After some time for it to sink (there’s a pun there… get it?) in, I think the message of this ad is ‘cool’. As in, I can rent Scottie Pippin’s house? Cool! Look how you can throw baskets from the master bedroom that overlooks the indoor basketball court!! Cool! I can actually live like a celebrity, even for just a few days? Cool!
This is all just so… Cool!
It is designed to break down expectations, and make people who haven’t or would never look at AirBnB to give the site a visit and look through it to see what other ‘cool’ things could be found.
It’s like when a Ford dealer brings in a Lamborghini and puts it on display in the dealership. None of their customers can actually afford one, and they don’t expect to sell it, but it sure creates interest and it gets people talking!
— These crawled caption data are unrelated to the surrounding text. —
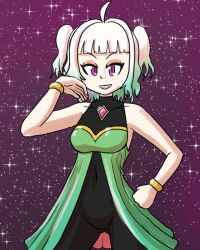  ahoge bare_shoulders bracelet breasts clothed costume crystal dress evil_smile eye_color_change eyeshadow female_only femdom femsub green_hair hair_color_change hand_on_hip jewelry mint_fantome multicolored_hair mythkaz original pink_eyes pink_hair possession pream_(hypnolandom) short_hair slit_pupils smile sparkle virtual_youtuber white_hair 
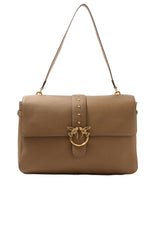 Taschen Pinko Große Schultertasche aus New-Biker-Leder Braun (MARRONE MARASCA-ANTIQUE) ONESIZE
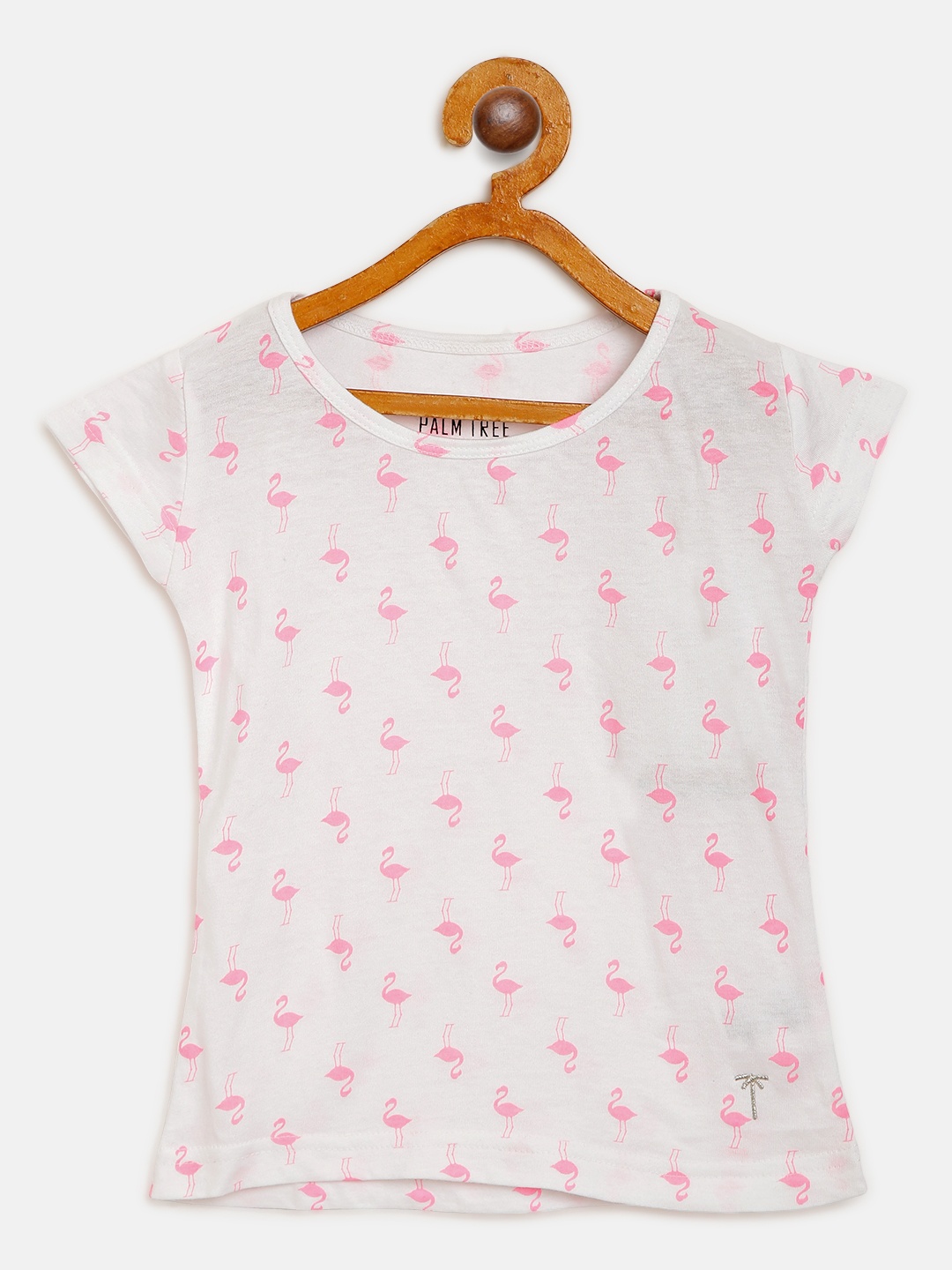

Palm Tree Girls White & Pink Flamingo Print Round Neck T-shirt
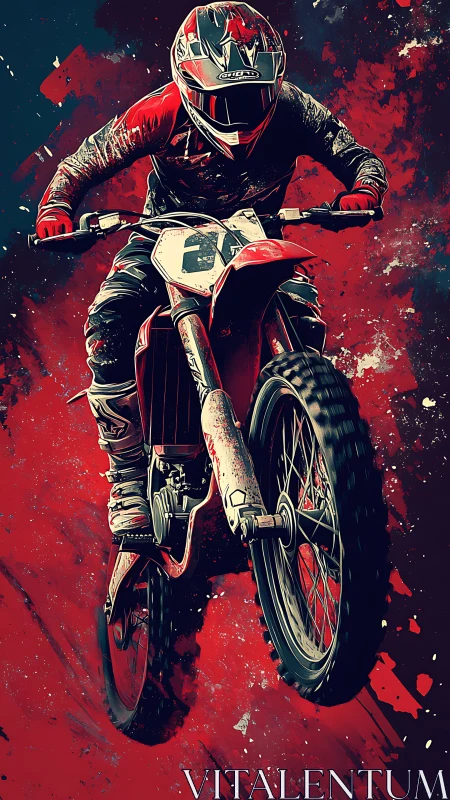 Motocross rider launches through explosive red abstract spray.
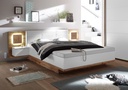 Doppelbett Nachtkommoden CAPRI XL Bett Ehebett Fussbank 180x200 weiß Eiche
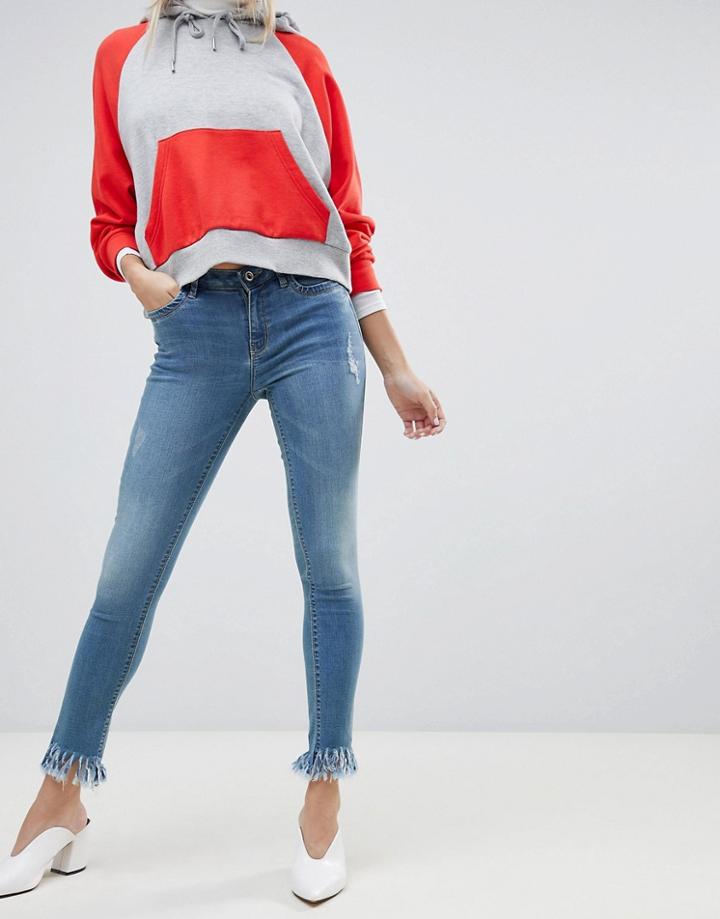 Only Frayed Hem Skinny Jean - Blue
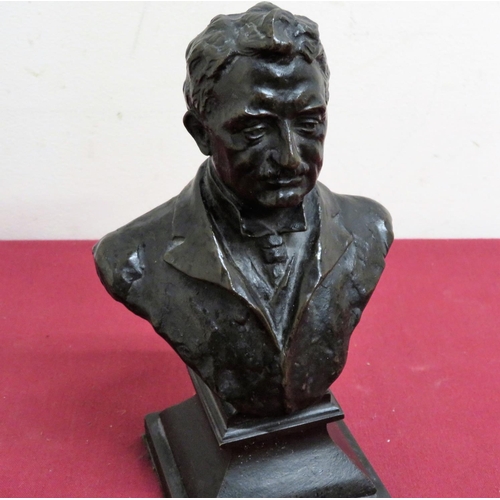 300 - A small cast bronze bust of gentlemen on square base (H19cm)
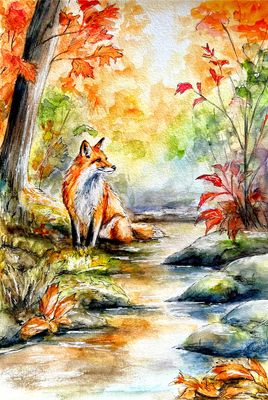 Petit renard au bord de l'eau Petit renard au bord de l'eau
Just as we have been here!
As VR owners and managers, concerned with PR and perceptions of our industry, we look at this very differently than others do. So ignore the silly things being said in the ad, they’re practically unimportant, step back and take a larger perspective.
From the humble beginnings of renting an air mattress in the corner of some stranger’s basement because you can’t afford a real hotel room… to being able to rent a celebrity mansion and live like most people never get to see, no less do? Wow! Has AirBnB ever changed! It’s grown up! It’s cool! It’s arrived! It’s something the cool, rich people use too!
(And by the way, cool rich people, buy some of our stock the next time you talk to your broker!)
The talk of house rules is the filler, an excuse to show different parts of the home. It doesn’t matter. The message is the owner, and the property… and through AirBnB you too can live like this! Even if only briefly as a guest, or as a cool property owner! Come join the cool kids on AirBnB!
That is the message that I think is being delivered here.